_ASSIGNMENT:_ Where the records below show a line containing "Colore acrilico Maimeri", start copying; end with the line containing "Quick and Easy", and copy it too.

_INPUT MATERIAL:_
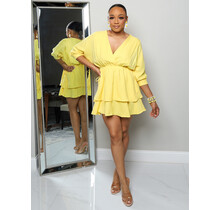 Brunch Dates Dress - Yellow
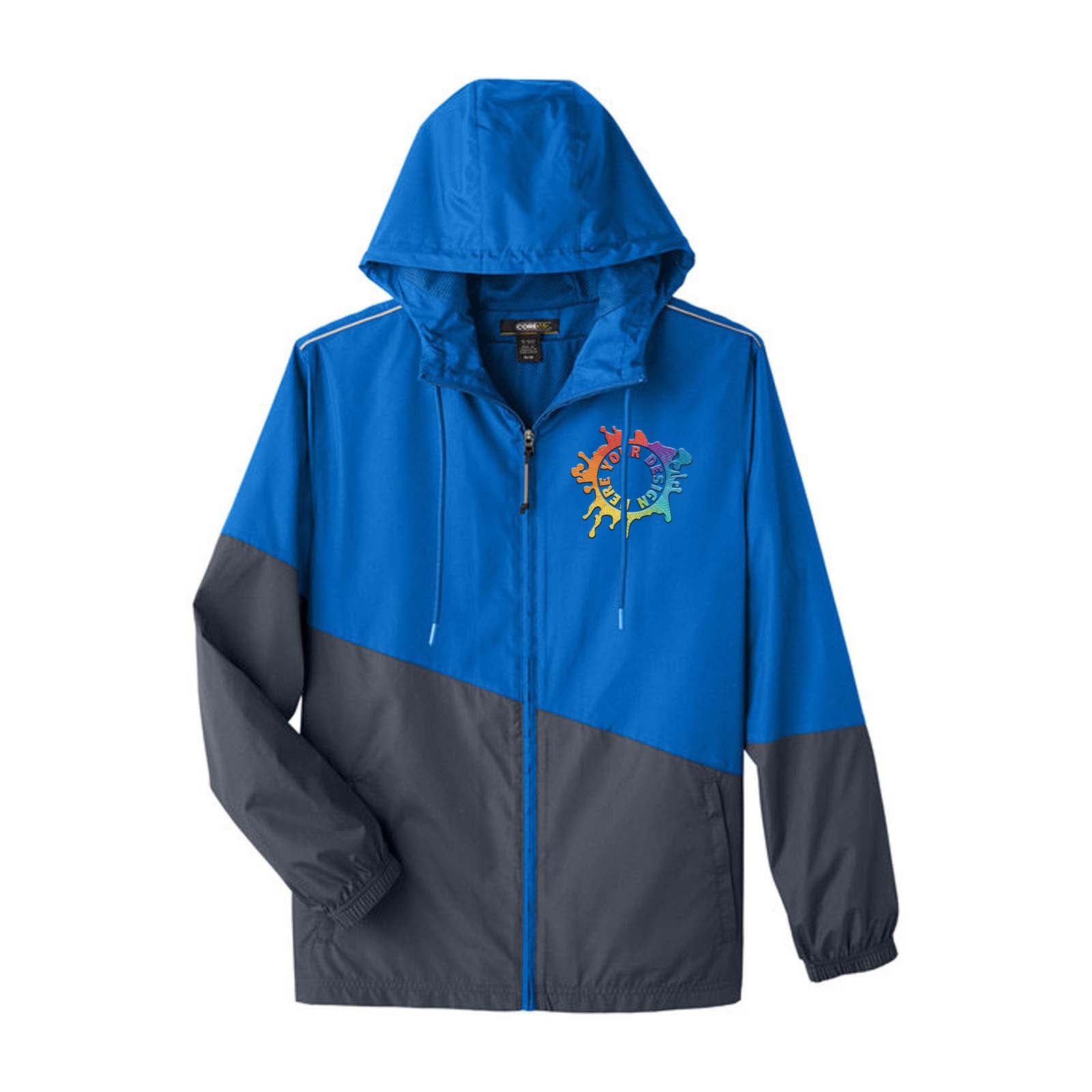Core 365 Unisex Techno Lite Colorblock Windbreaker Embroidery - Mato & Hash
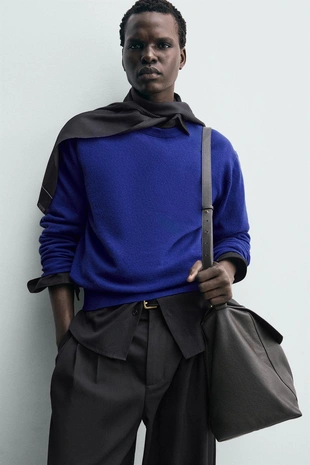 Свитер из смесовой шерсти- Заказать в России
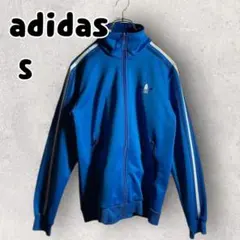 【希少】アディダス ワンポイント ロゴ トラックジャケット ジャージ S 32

* * *

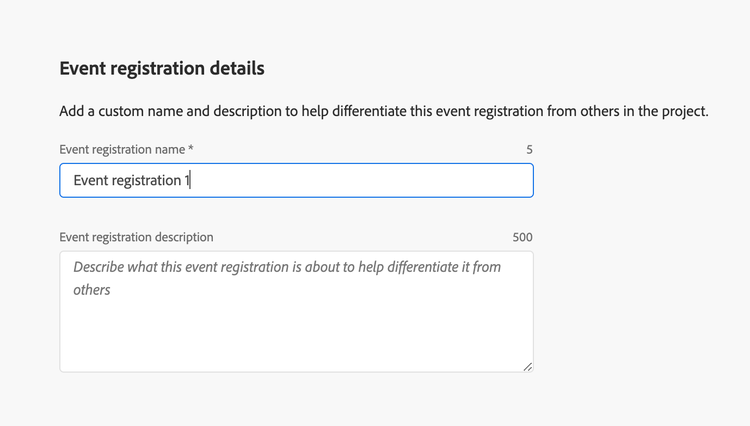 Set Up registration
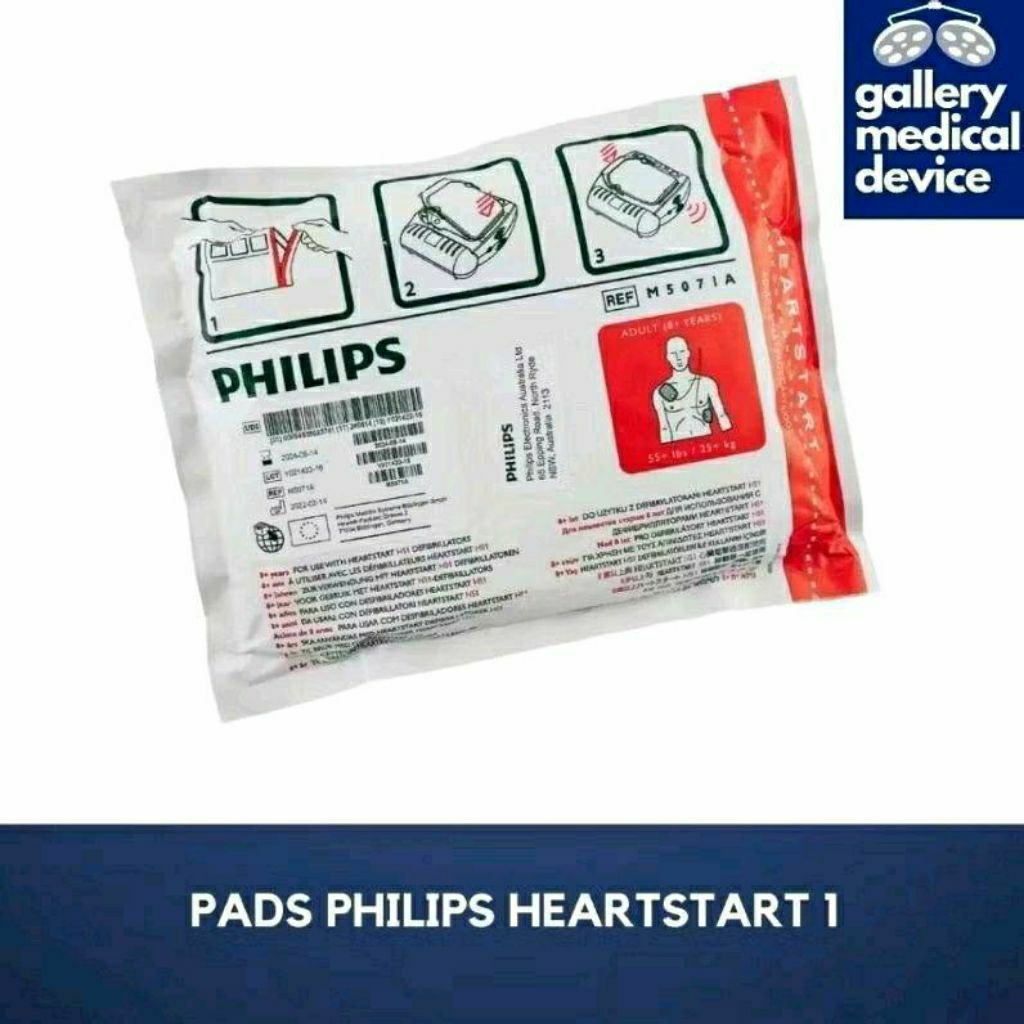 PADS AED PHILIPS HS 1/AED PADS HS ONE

---

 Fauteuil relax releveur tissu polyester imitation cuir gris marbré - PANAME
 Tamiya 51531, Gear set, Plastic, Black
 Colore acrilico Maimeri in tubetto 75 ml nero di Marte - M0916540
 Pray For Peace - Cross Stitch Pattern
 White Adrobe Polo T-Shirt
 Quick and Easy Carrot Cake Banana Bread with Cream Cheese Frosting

_PROBLEM SOLUTION:_
 Colore acrilico Maimeri in tubetto 75 ml nero di Marte - M0916540
 Pray For Peace - Cross Stitch Pattern
 White Adrobe Polo T-Shirt
 Quick and Easy Carrot Cake Banana Bread with Cream Cheese Frosting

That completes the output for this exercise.